そうしたら、ある日、川端が、「ブラブラ大学に来ても面白くない。どうだい、劇研究会でもやらないか?」と言うんだ。「それ、どうやるの?」
「銭もあんまりないから、月に一度ぐらい芝居見て、その批評でもし合ったら面白いんじゃないか」
「ああ、面白いね」、「じゃあ、あした教室で提案しようじゃないか。それ、おまえ言えよ」
「そりゃおかしいよ。俺はここの学生じゃないんだから。川端、おまえ言えよ」
「俺は口下手だからダメだ。おまえ、おしゃべりだから、おまえ言え」
しょうがないから、俺が喋ることにしたよ。
十何人かの仲間が集まったので、みんなで歌舞伎を1・2回見に行った。すると川端がみんなの前で、「銭出して切符を買って、意味ないじゃないか。

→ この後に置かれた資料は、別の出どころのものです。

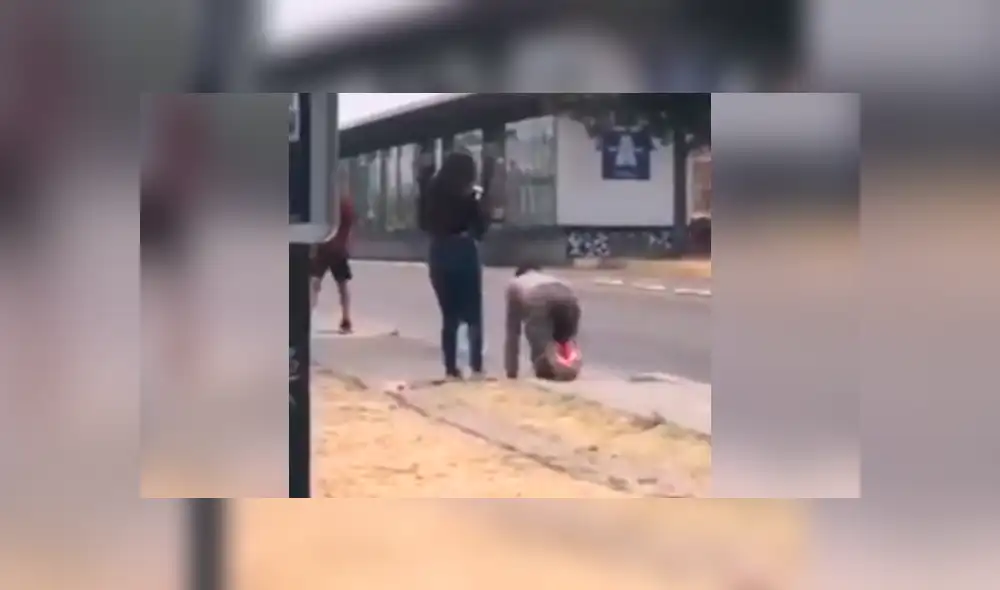 Youtube viral: Joven le es infiel a su novia y gatea por la calle para que lo perdone [VIDEO]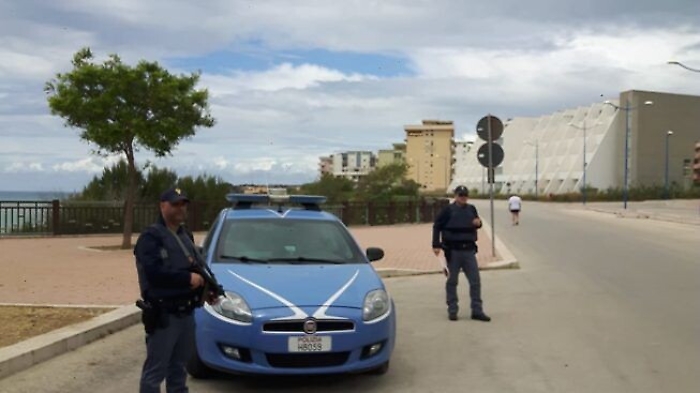 Coronavirus, era in quarantena, ma i poliziotti lo pizzicano al supermercato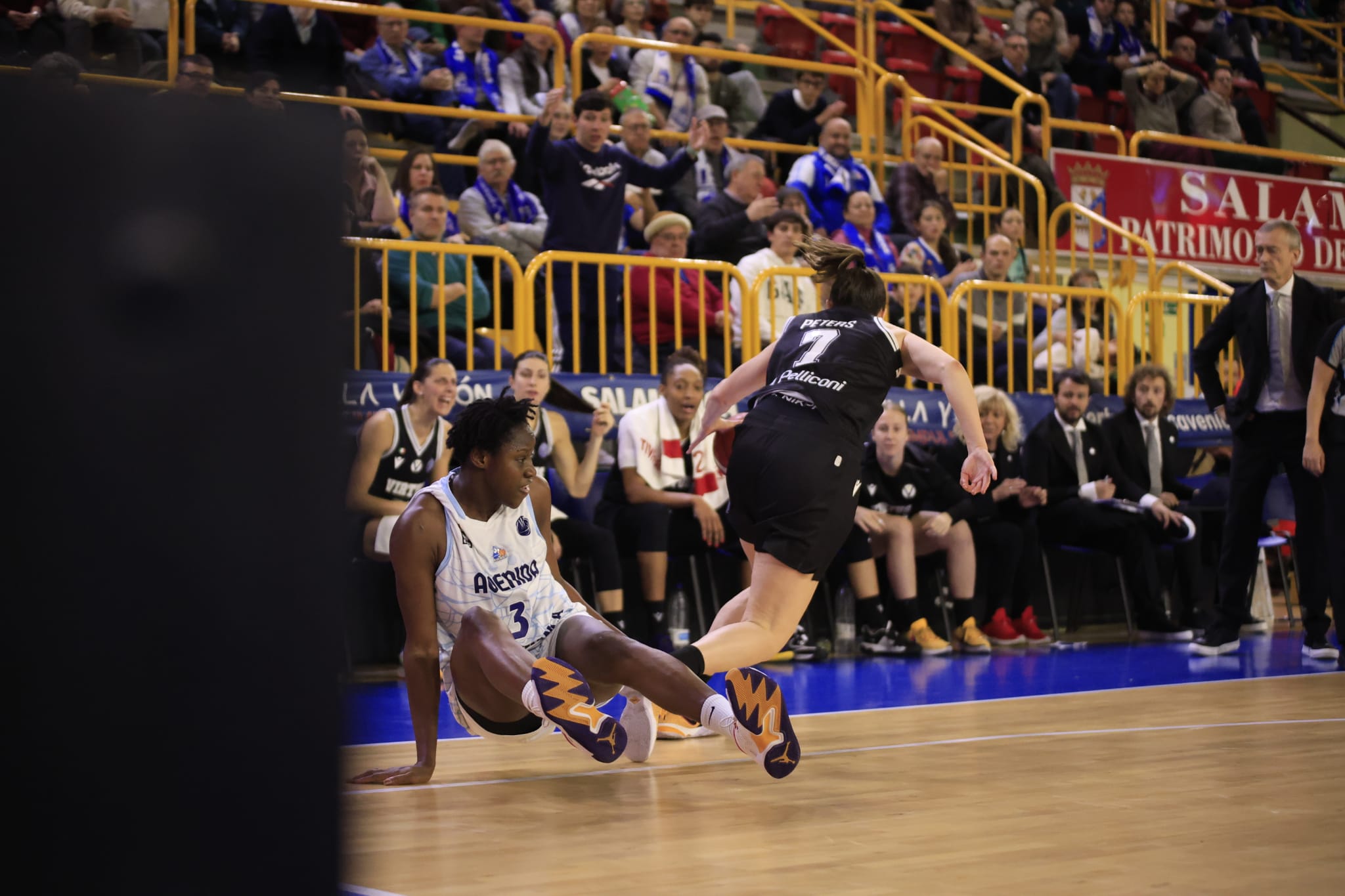 Las imágenes de la dura derrota final de Avenida ante la Virtus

松竹に交渉して東大の劇研究会だから、と言って半額にしてもらう方法はないのか。君らの誰か、行ってくれる人はいないか?」
「いや、ぼくらは田舎から出てきたばかりだし」って、みんなおじけつ゛くんだ。
そうしたら川端がまた、「おまえ行け」と言う。みんなも、「今さん行ってください。やっぱりこういうことは東京の人がいいや」と、俺が行くことになっちゃったんだ。
それで、俺は川端をひっぱって松竹の受付まで行ったんだが、川端はどうしても中に入らない。しかたがないから、俺だけが松竹の偉い重役に会った。趣旨を話すと、「そういうわけでしたら、今後私どもでご招待します」と言って、招待券を30枚もくれたんだ。翌日教室で配ったら、劇研でない連中まで切符よこせって大騒ぎになってな。まあ、みんな大喜びだった。
こんなことをしているうちに、俺がモグリ学生だってことが、みんなにわかってきたんだな。でも、ニセ学生で女をひっかけているわけじゃなく、実際に教室で勉強しているわけだろう。だから、「今ちゃんは、きっと家の事情かなにかで学資がなくてやっているんだろう」と騒ぎ立てないで、そっとしておいてくれたんだ。それともう一つ、俺がみんなにとって必要な人間になっていたから、彼らも大目に見てくれていたんだろうな。
そんな調子で、川端がいつも俺をけしかけては、俺が音頭取りみたいなことをやっていたので、今でも役人や政治家になった法科の奴らに会うと、「あのじぶん、文科では、今さんはたいしたもんでしたね」って、みんな知ってるの。
「俺は大学卒業じゃないよ」
「でもなんだか知らないけど、よく教室に来てたじゃないですか。名前もよく聞きましたよ」なんてね。妙な一生だったな。